BİYOLOJİK SAAT TERSİNE ÇEVRİLDİ
“Bilim insanları kemoterapi gören 14 kadının ve 12 sağlıklı kadının yumurtalık dokusunu inceledi.
ABVD ile tedavi olmuş kanser hastalarının sekizinin yumurtalık dokusu incelendiğinde, farklı kemoterapi almış ya da aynı yaş grubunda sağlıklı olanlara göre dört ila 10 kat fazla yumurta görüldü.
Araştırmacılar yaygın olarak kullanılan kanser ilacının daha önce imkansız olarak düşünülen yeni yumurtaların gelişimini tetiklediğini buldu.
Hayret verici olarak karşılanan bu keşifle araştırmacılar, biyolojik saatin tersine çevrilmesinin mümkün olduğunu ve overlerin adeta kandırılarak, ergenlik öncesi dönemdeki gibi yeni yumurtalar üretmeye başladığını kanıtladılar. Olgun kadınlarda rastlanmayan salkım şeklinde yoğun yumurta kümeleri izlendi.

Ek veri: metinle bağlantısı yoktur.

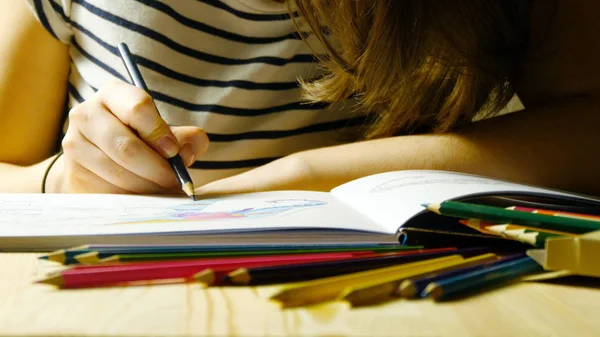 Eller yetişkin renklendirme kitap çizer. Yakın çekim — Stok fotoğraf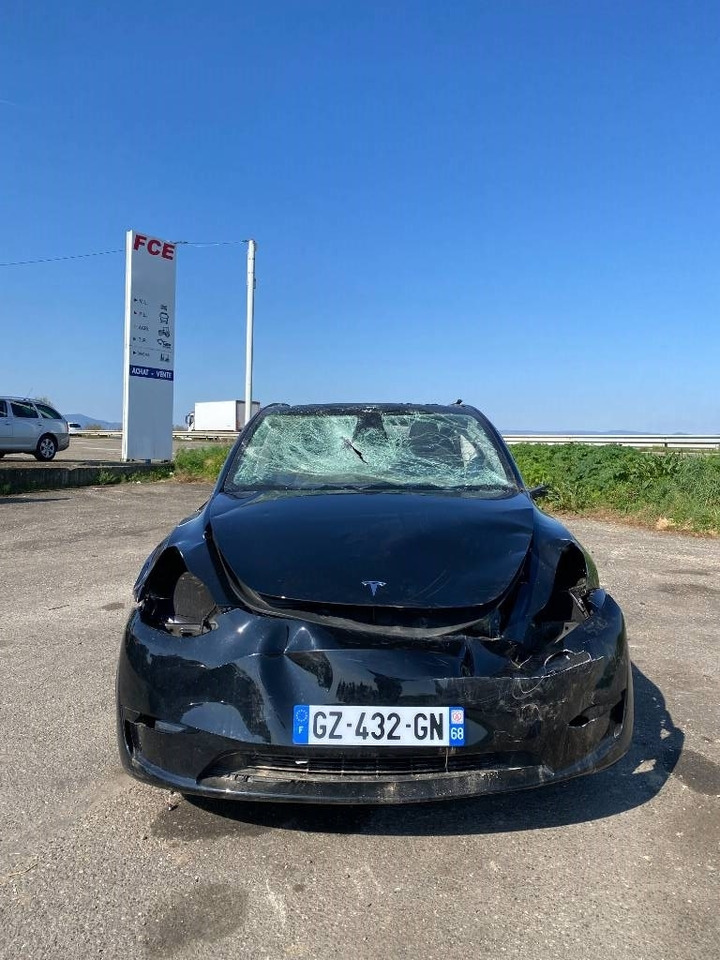 Tesla Model Y RWD/Origine Française endommagée - Αυτοκίνητο: φωτογραφία 2 Tesla Model Y RWD/Origine Française endommagée - Αυτοκίνητο: φωτογραφία 2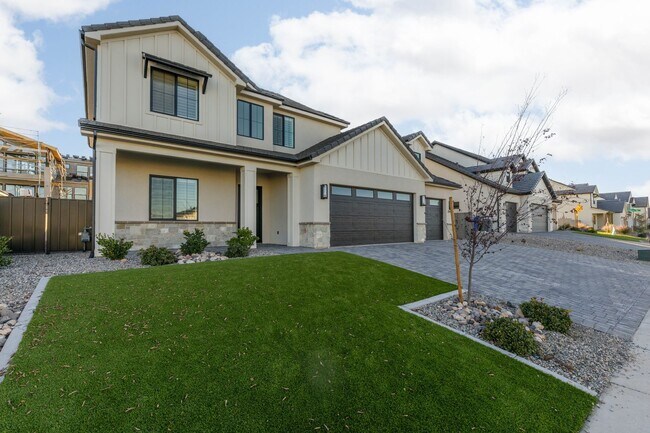 Foto del edificio - Gorgeous 5 bed 3.5 bath in Desert Canyons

Normal yaşamda kadınlar yaş aldıkça yumurtaların hem kalitesi hasar görüyor hem de sayısı tükeniyor.
10 KAT DAHA FAZLA YUMURTA
Fakat bilim insanları Hodgkin’s Lymphoma nedeniyle ABVD olarak bilinen ilaç kombinasyonunu kullanan kadınlarda yumurta sayısının sağlıklı kadınlara göre 10 kat daha fazla olduğunu farkettiler.
Kemoterapinin overlerde oluşturduğu şok etki, yumurtalıklardaki kök hücreleri tetikleyebiliyor bu da yeni folliküllerin oluşumunu sağlıyor.

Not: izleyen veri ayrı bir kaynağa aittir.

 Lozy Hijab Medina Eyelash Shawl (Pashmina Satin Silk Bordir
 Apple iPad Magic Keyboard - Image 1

Oluşan bu etkinin, muhtemelen kök ya da germ hücrelerinin uyarılması sonucu oluştuğu gibi gözükmekle beraber altta yatan kesin mekanizmanın ortaya çıkarılması gerekiyor. Tedavinin şiddetli uyarısı bir şok etkisi oluşturarak, kök hücreleri uyarıyor olabilir.
Ortaya konan bu etki gerçekten çok önemli olup, küçük bir gruba özgü olmasına rağmen bu tedaviyi alan tüm kadınlarda izlenmesi açısından çok önemlidir. Sonuçlar özellikle gelecek için umut vericidir.

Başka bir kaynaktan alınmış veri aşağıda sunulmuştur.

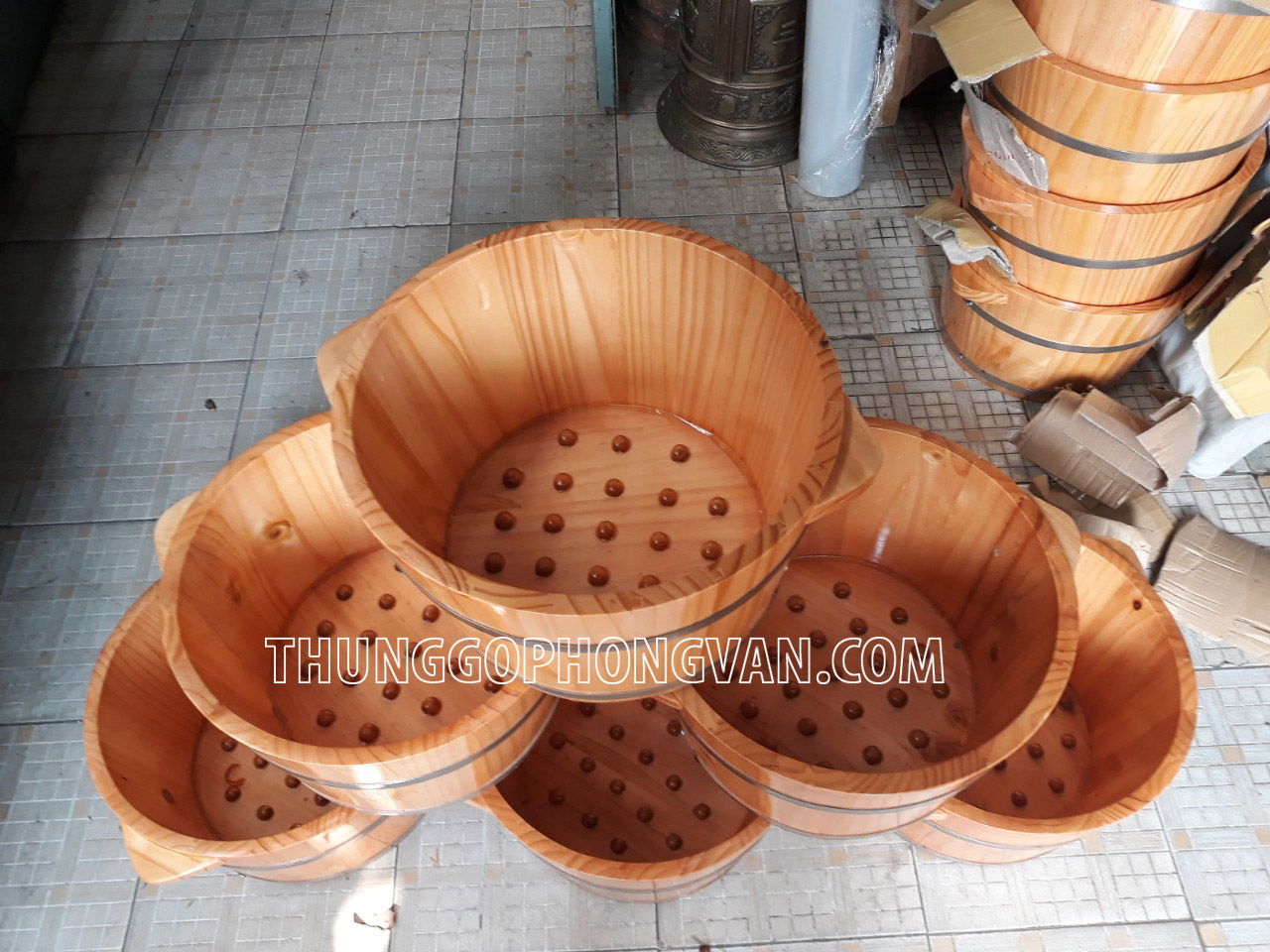 Chậu ngâm chân gỗ thông có hạt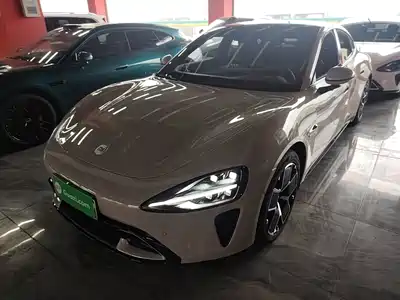 Xiaomi Auto SU7 2024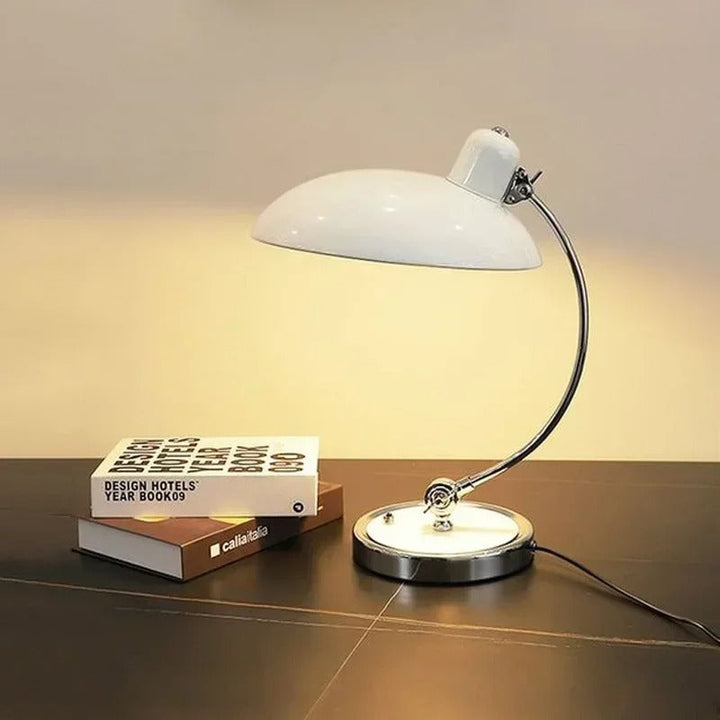 Darion™ | Slim, flexible and timeless desk lamp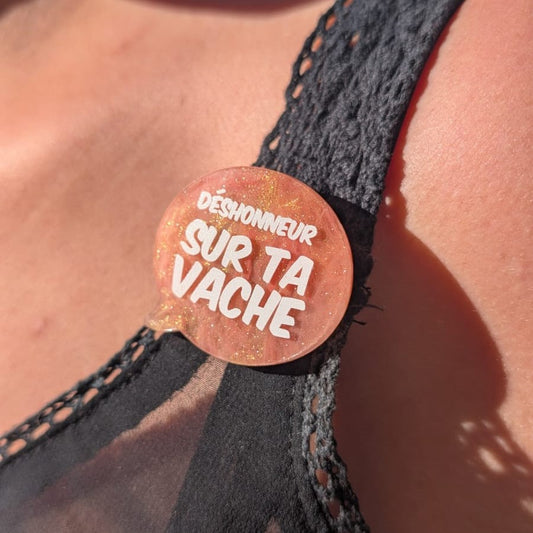 Broche "Déshonneur sur ta vache"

Önümüzdeki dönemdeki çalışmalar, ABVD kombinasyonunu oluşturan Adriamisin, Bleomisin, Vinblastin ve Dakarbasin’in tek tek ve kombine etkilerini ve de altta yatan biyolojik mekanizmayı anlamaya yönelik olacak.”
Op. Dr. Betül Görgen:
“İMKANSIZ BAŞARILDI”
“Doktorlar ve bilim insanları yüzyıllardır kısırlığı tedavi etmek için çalışmaktalar ama kendi çocuğuna gebe kalmak isteyen kadının karşısına çıkan bir gerçek var; Maalesef biz kadınlar sınırlı sayıda yumurta ile doğuyoruz ve bunu değiştirecek bir çözüm henüz ortada yok.
Üreme tedavisinde başarının ana faktörü kadının yumurtalarıdır. Kadın yaşı ilerledikçe yumurtaları da yaşlanır ve gebe kalmayı güçleştiren problemleri ortaya çıkaran kromozom anormallikleri artış gösterir. Bir erkek üç ayda bir taze sperm üretirken çocuk tedavisinde kadında odaklandığımız konu geriye kalan yumurtaları mümkün olan en iyi şekilde kullanabilmektir.
Son yapılan bu çalışmada yeni yumurta oluşma mekanizmasının ortaya konması bile, şimdiye kadar imkansız olduğu düşünülen bir durumu kökten değiştirebilir.”